How it works:


The index of coincidence is defined as the probability that two letters, picked from two different texts, will be the same.

The probability of an evcent occuring is given by the total number of ways that event could occur divided by the total number of possible outcomes.

If we first assume that we have two completely random texts, then the chance of picking any given letter from either text is:

Nx/N

Where Nx is the total number of occurances of the letter x in the text N is the total number of letters in the text

The chance that the next letter we pick is the same as the first is thus:

(Nx/N) * (Nx/N)

Now, the alphabet has 26 letters in it. So there are 26 different letters that we could pick in each case.

If the distribution of letters is completely random, then the chance that both letters we pick are the same specified letter is:

(1/26)*(1/26) = 0.0015

But there are 26 possible letters. So the cahances of them both being the same, where we do not care what the letter is, is 26 times this:

26*(1/26)*(1/26) ~ 0.038

If however the letters are not randomly distributed, but instead follow the statistical distribution of english text, then the situation is different.

The following list shows the probability (as a percentage) of any letter, selected at random, being a given letter from an english plaintext:

Distribution of leters
in English plaintext (%)
a8.2
b1.5
c2.8
d4.3
e12.7
f2.2
g2.0
h6.1
i7.0
j0.2
k0.8
l4.0
m2.4
n6.7
o7.5
p1.9
q0.1
r6.0
s6.3
t9.1
u2.8
v1.0
w2.4
x0.2
y2.0
z0.1

Thus in this case the index of coincidence is equal to:

(0.082*0.082)+(0.015*0.015)+..... = 0.066

So, if we pick two letter from english plaintext, we expect the index of coincidence to be approximately 0.07

However, if we pick two letters from random text, we expect the index to be around 0.4

Similarly, if we pick two letters from a cyphertext encrypted using the ceaser shift, we still expect the index to be equalt to 0.07 (whatever the shift). This is because the ceasar shift works by shifting every letter in the plaintext by n places to the left or right in the alphbabet.

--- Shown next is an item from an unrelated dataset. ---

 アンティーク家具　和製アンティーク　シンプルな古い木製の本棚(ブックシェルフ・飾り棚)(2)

So while the frequency distribution will change shift to the left or right, the overall value of the index will not be affected.

The Vigenere cipher works by placing a repeating keyword underneath the plaintext. Every letter of the keyword correspond to a different shift in the plaintext. So if, for instance, the letter "e" is shifted by 5 places in one section of the text, it may be shifted by 3 places in another.

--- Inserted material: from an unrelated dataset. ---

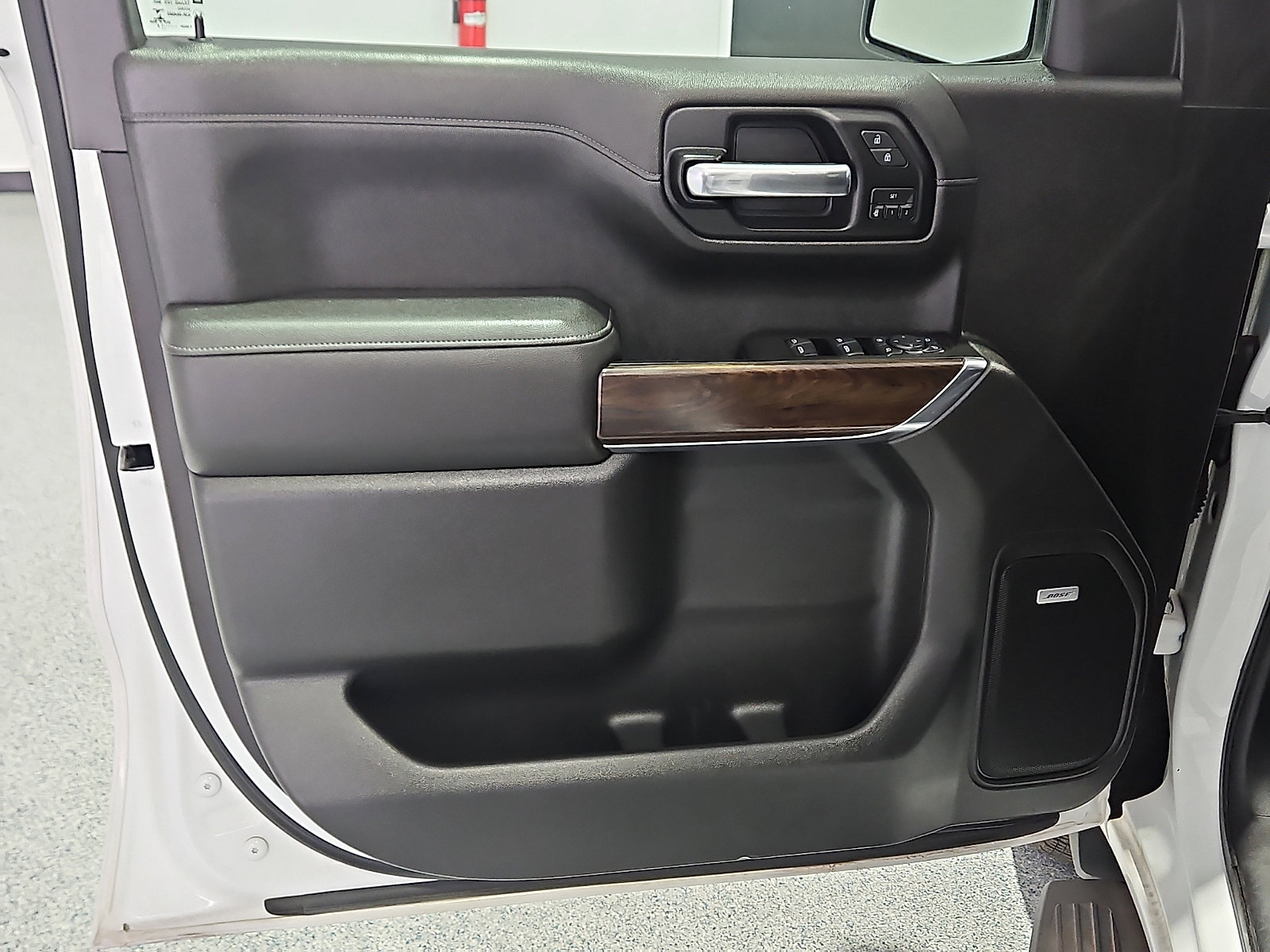 Used 2019 GMC Sierra 1500 SLT image 12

This flattens out the frequency distribution, making decryption harder.

However, if the keyword is N characters long, then every Nth character will have been shifted by the same amount. Thus, if we were to extract every Nth character we would have a text encrypyted with a basic caesar shift, and the index of coincidence calculated would be as for english text - approximately 0.07

If we arange two cypher texts, each on a single line, above the other, with the lower text shifted by N from the one above, then by comparing each character to the one below, and counting how often the characters match, we can acheive a value fror the index with this shift.

This is because the index is a measure of the probability of two letters selected from text(s) being the same. This value is unaffected by a simple ceasar shift, and the two letters we are comparing in each column will have been shifted by the same amount (even though this ammount will vary from column to column). So if we count the number of matching letters and divide by the ciphertext length, we have our value.

If our guess at N was correct, then we should expect a value similar to that for plaintext - approx 0.4. If however our guess was incorrect, then each letter was shifted by a different amount from its companion, and we would exp[ect something similar to that for random text, or about 0.07.

If we repeate this for every possible key length, we can then pick those that seem most likely.

Having done this, we can then split the text up into a number of sub texts, each of length N, and each of which has been shifted by the same amount. These can then be individually decoded by simple frequency anaylsis, and then the plaintext (and Key) reconstructed.